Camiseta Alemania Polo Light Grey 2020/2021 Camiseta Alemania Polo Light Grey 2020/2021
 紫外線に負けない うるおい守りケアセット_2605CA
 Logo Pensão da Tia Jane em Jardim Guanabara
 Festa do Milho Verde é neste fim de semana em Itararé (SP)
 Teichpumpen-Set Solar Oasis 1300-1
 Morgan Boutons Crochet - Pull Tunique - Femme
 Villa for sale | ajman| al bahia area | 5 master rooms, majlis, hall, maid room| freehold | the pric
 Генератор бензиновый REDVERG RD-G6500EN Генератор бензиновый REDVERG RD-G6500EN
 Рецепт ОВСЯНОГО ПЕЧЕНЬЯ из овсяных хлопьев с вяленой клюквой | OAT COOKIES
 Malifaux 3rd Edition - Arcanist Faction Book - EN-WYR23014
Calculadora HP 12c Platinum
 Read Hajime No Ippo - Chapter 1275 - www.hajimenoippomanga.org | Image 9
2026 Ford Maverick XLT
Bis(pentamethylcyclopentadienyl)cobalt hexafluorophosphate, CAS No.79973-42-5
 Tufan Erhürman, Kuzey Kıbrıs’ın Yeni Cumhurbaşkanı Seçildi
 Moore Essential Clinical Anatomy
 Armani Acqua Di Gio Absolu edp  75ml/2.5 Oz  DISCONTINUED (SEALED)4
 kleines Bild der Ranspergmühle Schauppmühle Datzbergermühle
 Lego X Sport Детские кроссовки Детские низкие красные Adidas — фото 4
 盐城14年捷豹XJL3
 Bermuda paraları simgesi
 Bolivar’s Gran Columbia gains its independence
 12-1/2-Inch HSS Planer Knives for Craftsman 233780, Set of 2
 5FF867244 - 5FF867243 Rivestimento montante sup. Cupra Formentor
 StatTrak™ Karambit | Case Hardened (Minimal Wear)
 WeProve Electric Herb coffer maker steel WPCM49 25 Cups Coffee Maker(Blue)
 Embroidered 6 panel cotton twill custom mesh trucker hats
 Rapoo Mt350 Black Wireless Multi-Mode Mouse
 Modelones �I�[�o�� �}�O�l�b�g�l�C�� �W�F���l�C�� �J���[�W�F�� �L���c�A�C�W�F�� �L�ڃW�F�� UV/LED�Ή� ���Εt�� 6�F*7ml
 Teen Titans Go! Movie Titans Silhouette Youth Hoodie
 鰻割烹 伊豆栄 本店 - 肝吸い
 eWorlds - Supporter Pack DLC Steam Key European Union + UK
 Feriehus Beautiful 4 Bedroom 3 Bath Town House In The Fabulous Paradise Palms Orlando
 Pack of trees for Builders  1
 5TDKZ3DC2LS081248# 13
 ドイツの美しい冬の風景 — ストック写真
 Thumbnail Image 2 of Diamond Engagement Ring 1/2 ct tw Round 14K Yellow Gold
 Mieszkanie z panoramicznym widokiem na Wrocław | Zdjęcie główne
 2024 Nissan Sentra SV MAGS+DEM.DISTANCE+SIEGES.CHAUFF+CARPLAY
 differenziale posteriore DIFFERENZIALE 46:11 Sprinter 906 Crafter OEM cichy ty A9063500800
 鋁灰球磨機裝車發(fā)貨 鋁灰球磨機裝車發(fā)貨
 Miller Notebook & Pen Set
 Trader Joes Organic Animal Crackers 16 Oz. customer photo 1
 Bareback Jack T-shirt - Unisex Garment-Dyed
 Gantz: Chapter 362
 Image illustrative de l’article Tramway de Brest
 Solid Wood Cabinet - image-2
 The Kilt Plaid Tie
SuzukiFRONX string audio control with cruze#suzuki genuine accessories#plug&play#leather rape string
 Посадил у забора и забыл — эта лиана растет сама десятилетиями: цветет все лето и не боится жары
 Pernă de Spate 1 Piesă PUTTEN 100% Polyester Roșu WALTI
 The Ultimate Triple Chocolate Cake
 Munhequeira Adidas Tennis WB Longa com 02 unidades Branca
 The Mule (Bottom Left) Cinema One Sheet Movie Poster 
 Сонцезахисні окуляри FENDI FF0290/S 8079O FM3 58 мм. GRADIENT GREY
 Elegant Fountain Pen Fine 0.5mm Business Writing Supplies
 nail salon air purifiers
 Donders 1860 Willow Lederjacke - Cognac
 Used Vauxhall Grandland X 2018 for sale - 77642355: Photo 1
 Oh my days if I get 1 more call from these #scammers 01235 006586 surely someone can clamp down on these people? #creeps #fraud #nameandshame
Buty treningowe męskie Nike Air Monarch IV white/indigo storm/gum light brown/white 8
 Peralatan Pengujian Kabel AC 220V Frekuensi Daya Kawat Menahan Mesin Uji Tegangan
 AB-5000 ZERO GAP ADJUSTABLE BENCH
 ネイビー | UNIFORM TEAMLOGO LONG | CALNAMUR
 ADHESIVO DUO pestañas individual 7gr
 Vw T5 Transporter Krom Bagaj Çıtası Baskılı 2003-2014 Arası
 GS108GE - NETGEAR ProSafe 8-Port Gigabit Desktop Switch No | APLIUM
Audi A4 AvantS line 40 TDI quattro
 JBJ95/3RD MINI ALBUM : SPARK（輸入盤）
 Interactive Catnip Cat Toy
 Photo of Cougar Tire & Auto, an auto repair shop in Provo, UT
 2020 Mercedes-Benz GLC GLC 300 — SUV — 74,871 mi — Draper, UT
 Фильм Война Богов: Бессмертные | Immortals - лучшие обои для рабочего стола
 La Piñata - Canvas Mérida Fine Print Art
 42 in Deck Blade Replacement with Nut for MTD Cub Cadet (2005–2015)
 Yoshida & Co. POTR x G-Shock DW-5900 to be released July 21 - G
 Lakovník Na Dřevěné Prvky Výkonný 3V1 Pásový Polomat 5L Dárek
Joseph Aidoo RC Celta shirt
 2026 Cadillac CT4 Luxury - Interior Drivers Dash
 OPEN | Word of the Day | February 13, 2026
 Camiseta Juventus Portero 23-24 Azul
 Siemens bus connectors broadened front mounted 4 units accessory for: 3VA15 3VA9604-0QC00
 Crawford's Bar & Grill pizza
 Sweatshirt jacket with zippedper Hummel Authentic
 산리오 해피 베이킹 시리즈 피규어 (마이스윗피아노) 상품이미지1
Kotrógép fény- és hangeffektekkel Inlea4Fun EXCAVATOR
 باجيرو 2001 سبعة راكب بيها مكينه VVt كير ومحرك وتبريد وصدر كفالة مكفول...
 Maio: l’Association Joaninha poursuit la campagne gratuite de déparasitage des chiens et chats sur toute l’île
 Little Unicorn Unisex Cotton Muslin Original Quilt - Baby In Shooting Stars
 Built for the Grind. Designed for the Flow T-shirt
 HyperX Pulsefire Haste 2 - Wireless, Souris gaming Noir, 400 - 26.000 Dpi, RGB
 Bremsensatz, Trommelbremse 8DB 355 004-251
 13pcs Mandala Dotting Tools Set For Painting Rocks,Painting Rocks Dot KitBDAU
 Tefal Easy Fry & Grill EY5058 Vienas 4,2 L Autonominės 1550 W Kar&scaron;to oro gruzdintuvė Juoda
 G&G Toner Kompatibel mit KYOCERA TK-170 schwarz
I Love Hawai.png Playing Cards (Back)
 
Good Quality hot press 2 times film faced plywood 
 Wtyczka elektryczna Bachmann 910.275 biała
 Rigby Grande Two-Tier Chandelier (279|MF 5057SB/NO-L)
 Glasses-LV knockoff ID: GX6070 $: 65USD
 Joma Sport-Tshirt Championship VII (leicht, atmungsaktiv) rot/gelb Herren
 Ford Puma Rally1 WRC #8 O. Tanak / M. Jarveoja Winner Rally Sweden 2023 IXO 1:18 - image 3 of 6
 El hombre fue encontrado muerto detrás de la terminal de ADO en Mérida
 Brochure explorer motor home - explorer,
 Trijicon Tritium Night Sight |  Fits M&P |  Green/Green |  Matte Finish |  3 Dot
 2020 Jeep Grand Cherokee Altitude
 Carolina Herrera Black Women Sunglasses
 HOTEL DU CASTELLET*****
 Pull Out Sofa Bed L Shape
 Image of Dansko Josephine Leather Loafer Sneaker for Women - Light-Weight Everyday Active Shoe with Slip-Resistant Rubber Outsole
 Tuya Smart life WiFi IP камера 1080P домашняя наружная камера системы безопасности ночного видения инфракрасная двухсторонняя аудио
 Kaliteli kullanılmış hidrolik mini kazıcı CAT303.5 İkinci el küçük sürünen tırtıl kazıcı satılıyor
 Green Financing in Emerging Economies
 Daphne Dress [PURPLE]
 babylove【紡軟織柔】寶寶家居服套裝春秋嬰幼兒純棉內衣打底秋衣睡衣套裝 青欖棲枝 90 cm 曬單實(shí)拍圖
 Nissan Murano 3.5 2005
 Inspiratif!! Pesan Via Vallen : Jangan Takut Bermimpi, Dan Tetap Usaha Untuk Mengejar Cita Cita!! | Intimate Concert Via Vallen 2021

****************

• [About this exercise]: There is a run of lines above from the one with "Ford Puma Rally1" to the one with "Pull Out Sofa Bed L Shape"; print exactly that run, both ends included, and nothing else.

• [Answer for this exercise]:
 Ford Puma Rally1 WRC #8 O. Tanak / M. Jarveoja Winner Rally Sweden 2023 IXO 1:18 - image 3 of 6
 El hombre fue encontrado muerto detrás de la terminal de ADO en Mérida
 Brochure explorer motor home - explorer,
 Trijicon Tritium Night Sight |  Fits M&P |  Green/Green |  Matte Finish |  3 Dot
 2020 Jeep Grand Cherokee Altitude
 Carolina Herrera Black Women Sunglasses
 HOTEL DU CASTELLET*****
 Pull Out Sofa Bed L Shape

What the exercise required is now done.